What is Coventry Digital?
Introduction to Coventry Digital
At its simplest, the archive is a collection about Coventry, made up of what we call the ‘assets’ of the archive, which are digital files – the documents, maps, photographs, sound and video. These we upload, or ‘ingest’ through a process called ‘accession’ once we have added in their story as 'metadata'
The archive works as a single system that holds lots of archives together making it searchable in a single effort. These archives include those held at the Herbert Museum, that created by the City of Culture Trust, the Belgrade Theatre, community group archives, business archives and family archives.
If we get the story of the assets right, we can link people, places and times across all these archive. With every photograph, film, document and video, there is very much a story to tell. Who are the people and the places, and what time does the asset speak of? To whom does the item belong? Who created it? This information is important and is added in as metadata.
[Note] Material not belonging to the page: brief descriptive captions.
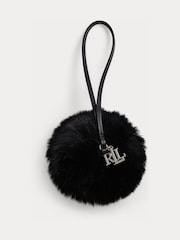 Lauren Ralph Lauren Small Faux Fur Pom Pom Bag Charm - Obrázek 1 z 2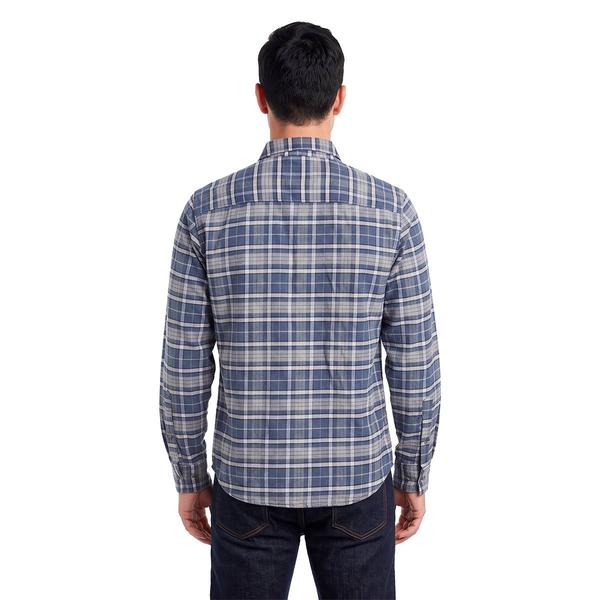 Young Mens Architect® Jean Co. Flannel Shirt - Blue/Grey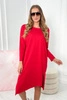 Oversize dress red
Metadata is information held within the file. It is that metadata which we search when we use keywords. Typical metadata includes a title, caption or description, date of creation, plus copyright information, location and technical information. This information isn't always automatically there: Photographs taken with newer cameras will record large amounts of technical information whilst a scan of a photograph will need that information manually entering.
The knowledgebase articles will tell you about the various aspects of digitisation for Coventry Digital. We'll be adding and amending these support documents as we develop the site.